The membrane translocation of GLUT4 cells in the body is influenced by multiple signaling pathways, and an important pathway that affects GLUT4 translocation is the insulin mediated signaling effect pathway. Insulin can bind to the insulin receptor (IR) and regulate glycogen synthesis, glucose uptake, and degradation through the phosphatidylinositol-3-kinase/protein kinase B (PI3K/AKT) pathway, thereby exerting a regulatory effect on blood glucose. This experiment focused on L6 cells and found no significant change in AKT phosphorylation levels after TASA treatment, indicating that TASA’s hypoglycemic effect does not affect the AKT pathway. Skeletal muscle glucose uptake can also be activated and utilized through the insulin independent AMPK pathway. The mechanism is that AMPK activation causes phosphorylation of TBC1D1, which in turn upregulates the expression of downstream signaling molecule GLUT4 and promotes its transport from the cell to the cell membrane, increasing the absorption and utilization of glucose by the cell. PKC can be divided into various kinase subtypes, including typical PKC (PKC – α PKC-β、PKC-γ) ， The research results of novel PKC (PKC – ε, PKC – η, PKC – θ) and atypical PKC (PKC – Zeta, PKC – λ) show that the use of PKC – Zeta inhibitors inhibits glucose transport under insulin stimulation, while the activation of PKC – Zeta can increase glucose transport. This experiment investigated the effects of TASA on the AMPK and PKC pathways in cells and found that the phosphorylation levels of AMPK and PKC were both elevated, suggesting that TASA may further upregulate GLUT4 expression by activating the AMPK and PKC pathways.

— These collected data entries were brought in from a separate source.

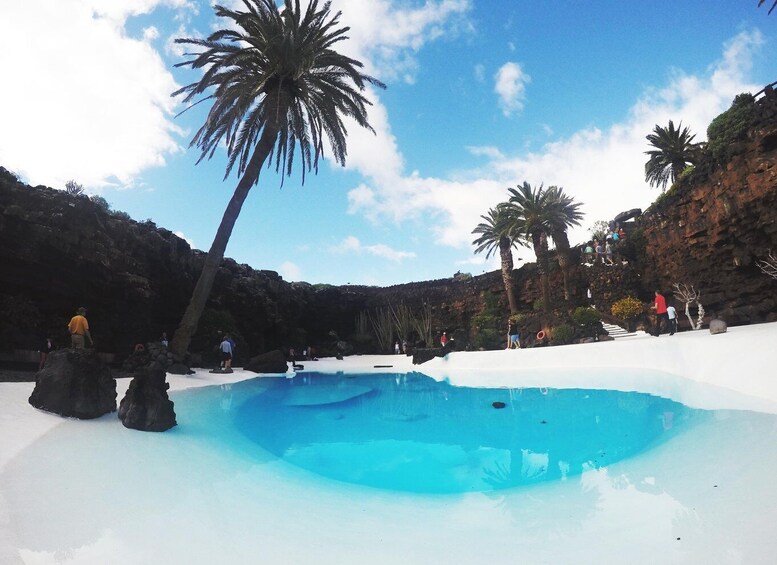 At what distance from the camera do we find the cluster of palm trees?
83.5 feet

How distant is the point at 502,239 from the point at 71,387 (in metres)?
27.2

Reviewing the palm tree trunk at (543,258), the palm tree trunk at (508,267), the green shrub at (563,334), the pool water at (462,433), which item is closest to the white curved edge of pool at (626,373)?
the pool water at (462,433)

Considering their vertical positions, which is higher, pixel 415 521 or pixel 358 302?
pixel 358 302

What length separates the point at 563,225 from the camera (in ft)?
86.1

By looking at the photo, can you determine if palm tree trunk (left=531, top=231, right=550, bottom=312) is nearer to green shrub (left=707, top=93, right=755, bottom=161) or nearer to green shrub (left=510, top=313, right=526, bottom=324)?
green shrub (left=510, top=313, right=526, bottom=324)

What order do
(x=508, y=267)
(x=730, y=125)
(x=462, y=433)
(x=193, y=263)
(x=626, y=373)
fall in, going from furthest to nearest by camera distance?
(x=508, y=267) < (x=193, y=263) < (x=730, y=125) < (x=626, y=373) < (x=462, y=433)

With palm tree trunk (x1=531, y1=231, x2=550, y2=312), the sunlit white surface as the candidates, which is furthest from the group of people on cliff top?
the sunlit white surface

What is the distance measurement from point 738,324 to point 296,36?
20.5 m

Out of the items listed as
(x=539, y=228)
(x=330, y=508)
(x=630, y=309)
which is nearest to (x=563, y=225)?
(x=539, y=228)

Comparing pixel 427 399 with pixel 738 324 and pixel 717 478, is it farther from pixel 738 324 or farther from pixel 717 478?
pixel 738 324

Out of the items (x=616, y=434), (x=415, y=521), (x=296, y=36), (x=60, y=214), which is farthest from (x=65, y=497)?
(x=296, y=36)

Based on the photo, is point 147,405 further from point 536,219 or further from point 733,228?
point 536,219

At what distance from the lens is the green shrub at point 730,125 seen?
580 inches

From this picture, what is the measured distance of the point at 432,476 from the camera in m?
5.22
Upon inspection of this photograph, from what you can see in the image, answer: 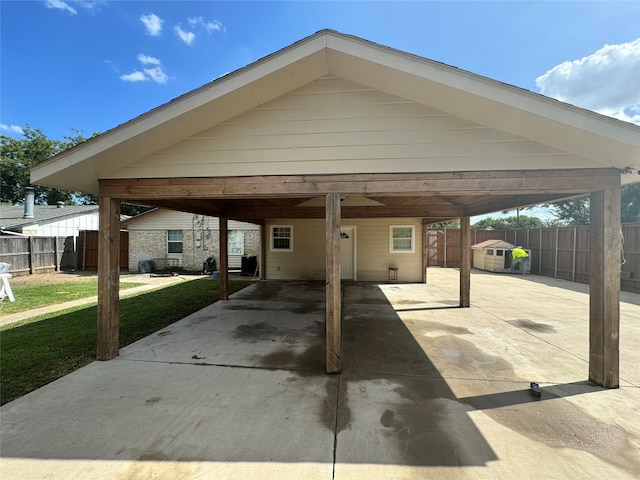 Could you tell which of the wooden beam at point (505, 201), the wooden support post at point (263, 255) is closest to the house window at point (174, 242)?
the wooden support post at point (263, 255)

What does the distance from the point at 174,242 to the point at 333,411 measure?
46.9 feet

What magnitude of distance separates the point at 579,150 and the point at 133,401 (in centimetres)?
550

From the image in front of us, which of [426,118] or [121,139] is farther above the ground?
[426,118]

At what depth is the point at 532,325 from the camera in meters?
5.47

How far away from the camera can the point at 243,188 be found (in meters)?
3.54

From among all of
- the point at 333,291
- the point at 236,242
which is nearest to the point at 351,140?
the point at 333,291

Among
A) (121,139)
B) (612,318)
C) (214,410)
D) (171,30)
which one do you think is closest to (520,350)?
(612,318)

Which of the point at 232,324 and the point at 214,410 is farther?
the point at 232,324

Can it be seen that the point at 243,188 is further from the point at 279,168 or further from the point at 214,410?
the point at 214,410

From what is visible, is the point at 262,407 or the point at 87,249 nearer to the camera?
the point at 262,407

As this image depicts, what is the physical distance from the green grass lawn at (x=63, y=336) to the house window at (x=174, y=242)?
6804 millimetres

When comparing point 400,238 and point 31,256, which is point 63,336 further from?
point 31,256

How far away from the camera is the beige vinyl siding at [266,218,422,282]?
440 inches

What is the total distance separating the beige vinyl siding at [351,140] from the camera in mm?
3203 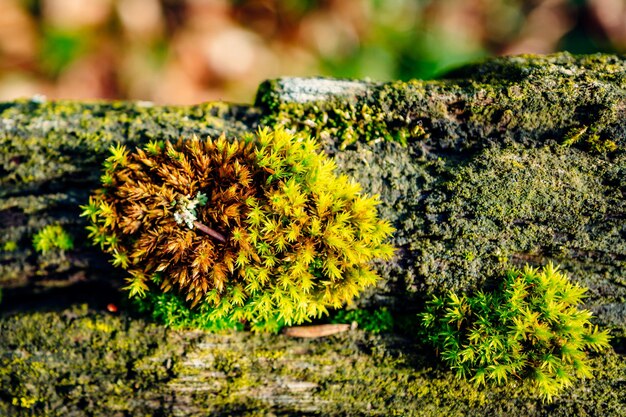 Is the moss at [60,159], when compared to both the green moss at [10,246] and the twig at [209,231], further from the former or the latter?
the twig at [209,231]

In summary, based on GLUT4 as the target, this experiment focused on the expression and translocation of GLUT4 by TASA. The results showed that TASA could effectively increase glucose uptake and GLUT4 translocation and expression in L6 skeletal muscle cells. Further mechanism studies revealed that TASA promotes GLUT4 protein expression through two signaling pathways, AMPK and PKC. These results reveal the potential of TASA in the treatment of diabetes. However, this study still lacks the relevant experiments of TASA at the living level. Later studies will observe the effect of TASA on the blood glucose and related indicators of the living model through its action on the type 2 diabetes mouse model.